(INPUT RECORDS)

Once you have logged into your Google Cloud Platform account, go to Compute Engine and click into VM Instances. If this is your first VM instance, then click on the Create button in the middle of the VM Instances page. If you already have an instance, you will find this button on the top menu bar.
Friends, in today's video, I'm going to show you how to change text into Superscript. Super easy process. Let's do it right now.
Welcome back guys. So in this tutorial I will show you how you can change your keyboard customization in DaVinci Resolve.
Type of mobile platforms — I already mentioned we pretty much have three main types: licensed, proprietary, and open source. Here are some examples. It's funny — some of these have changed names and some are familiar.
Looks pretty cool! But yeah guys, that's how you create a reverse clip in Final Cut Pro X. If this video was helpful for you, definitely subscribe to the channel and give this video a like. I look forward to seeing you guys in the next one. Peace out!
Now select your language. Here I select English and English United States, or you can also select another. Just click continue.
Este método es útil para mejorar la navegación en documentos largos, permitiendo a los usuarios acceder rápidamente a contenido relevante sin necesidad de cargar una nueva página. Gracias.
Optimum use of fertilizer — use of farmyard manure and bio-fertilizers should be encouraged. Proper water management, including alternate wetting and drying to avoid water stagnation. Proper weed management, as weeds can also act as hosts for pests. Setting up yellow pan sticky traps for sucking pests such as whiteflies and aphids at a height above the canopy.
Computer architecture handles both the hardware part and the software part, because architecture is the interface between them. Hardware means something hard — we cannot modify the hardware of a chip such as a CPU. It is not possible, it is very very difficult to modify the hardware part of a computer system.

(End INPUT RECORDS)
(INPUT RECORDS)

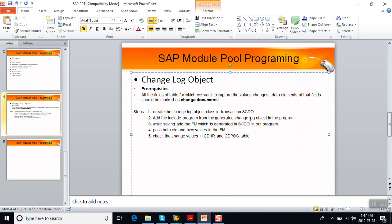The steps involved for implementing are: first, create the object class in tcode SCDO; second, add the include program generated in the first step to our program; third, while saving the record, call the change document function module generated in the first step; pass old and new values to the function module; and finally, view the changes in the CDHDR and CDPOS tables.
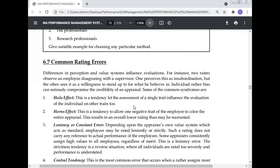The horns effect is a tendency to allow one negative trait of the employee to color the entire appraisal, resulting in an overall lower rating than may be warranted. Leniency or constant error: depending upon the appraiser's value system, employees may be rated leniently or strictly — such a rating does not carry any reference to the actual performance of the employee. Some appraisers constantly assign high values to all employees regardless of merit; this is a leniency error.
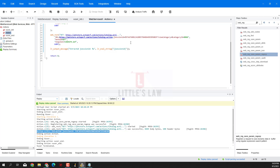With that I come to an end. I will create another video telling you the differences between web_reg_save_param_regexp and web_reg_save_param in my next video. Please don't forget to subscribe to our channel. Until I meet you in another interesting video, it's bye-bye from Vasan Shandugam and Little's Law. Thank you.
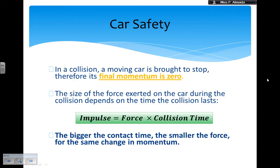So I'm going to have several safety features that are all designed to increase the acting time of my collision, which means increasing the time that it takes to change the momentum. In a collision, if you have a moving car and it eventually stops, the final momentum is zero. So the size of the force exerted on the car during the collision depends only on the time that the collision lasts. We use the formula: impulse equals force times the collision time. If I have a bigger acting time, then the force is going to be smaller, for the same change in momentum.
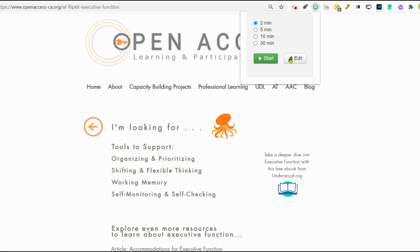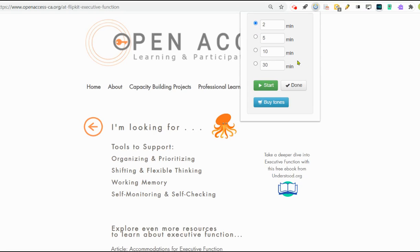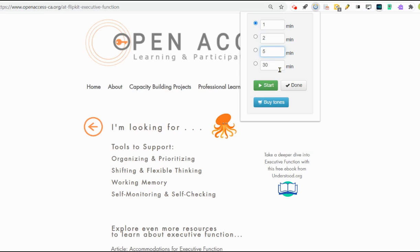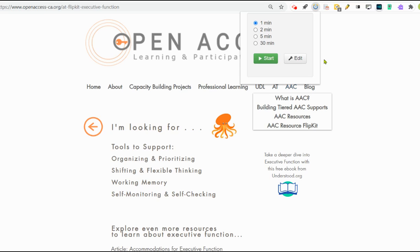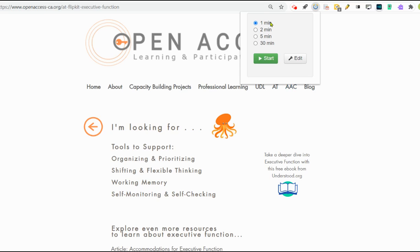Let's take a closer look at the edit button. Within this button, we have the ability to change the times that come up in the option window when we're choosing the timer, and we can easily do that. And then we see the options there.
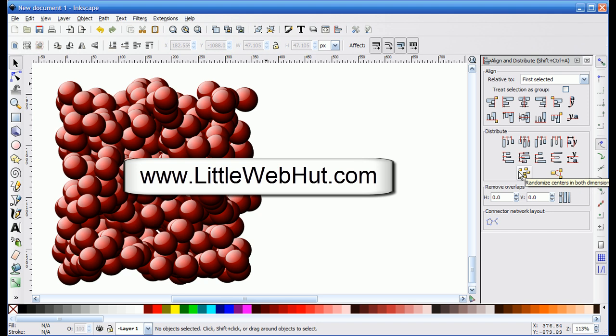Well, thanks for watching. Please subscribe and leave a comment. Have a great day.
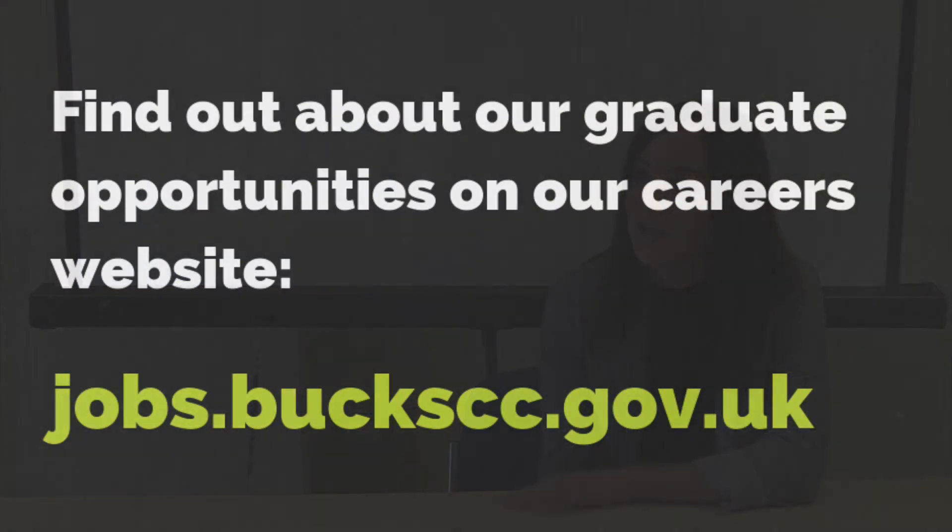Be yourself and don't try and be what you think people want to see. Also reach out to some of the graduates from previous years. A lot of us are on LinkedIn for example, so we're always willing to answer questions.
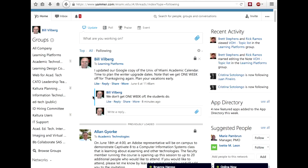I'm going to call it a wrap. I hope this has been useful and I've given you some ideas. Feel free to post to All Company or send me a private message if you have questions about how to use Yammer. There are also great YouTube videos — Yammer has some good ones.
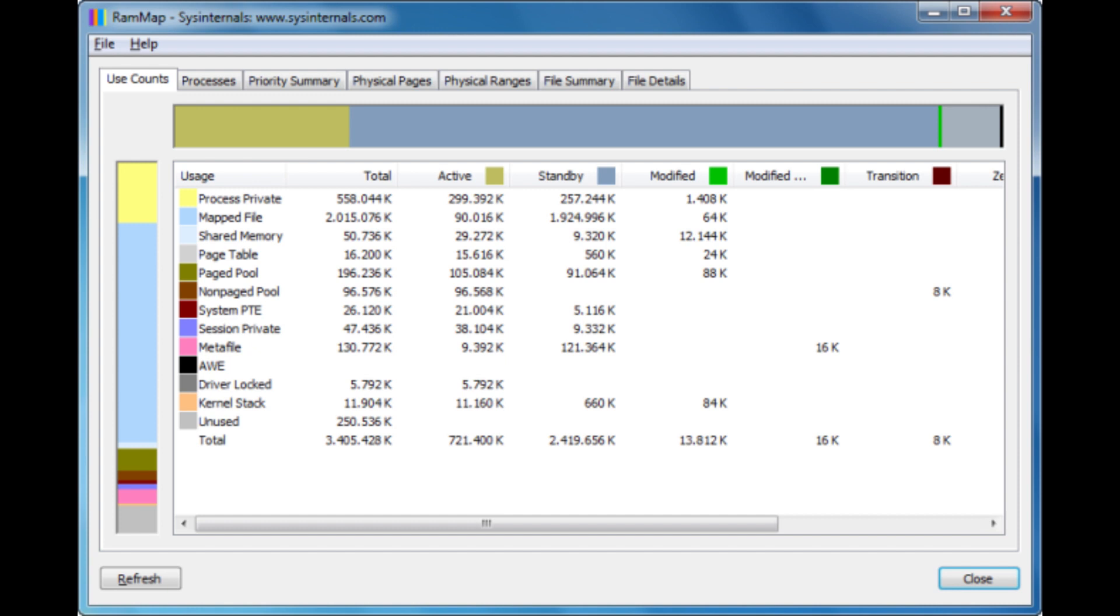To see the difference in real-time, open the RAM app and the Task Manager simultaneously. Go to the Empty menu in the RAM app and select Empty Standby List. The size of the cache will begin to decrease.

(End INPUT RECORDS)

### WHAT YOU WILL DO
Using the records above, restate word for word the lines from the one with "Once you have" through the one with "Welcome back guys.", both included.

### ANSWER BOX
Once you have logged into your Google Cloud Platform account, go to Compute Engine and click into VM Instances. If this is your first VM instance, then click on the Create button in the middle of the VM Instances page. If you already have an instance, you will find this button on the top menu bar.
Friends, in today's video, I'm going to show you how to change text into Superscript. Super easy process. Let's do it right now.
Welcome back guys. So in this tutorial I will show you how you can change your keyboard customization in DaVinci Resolve.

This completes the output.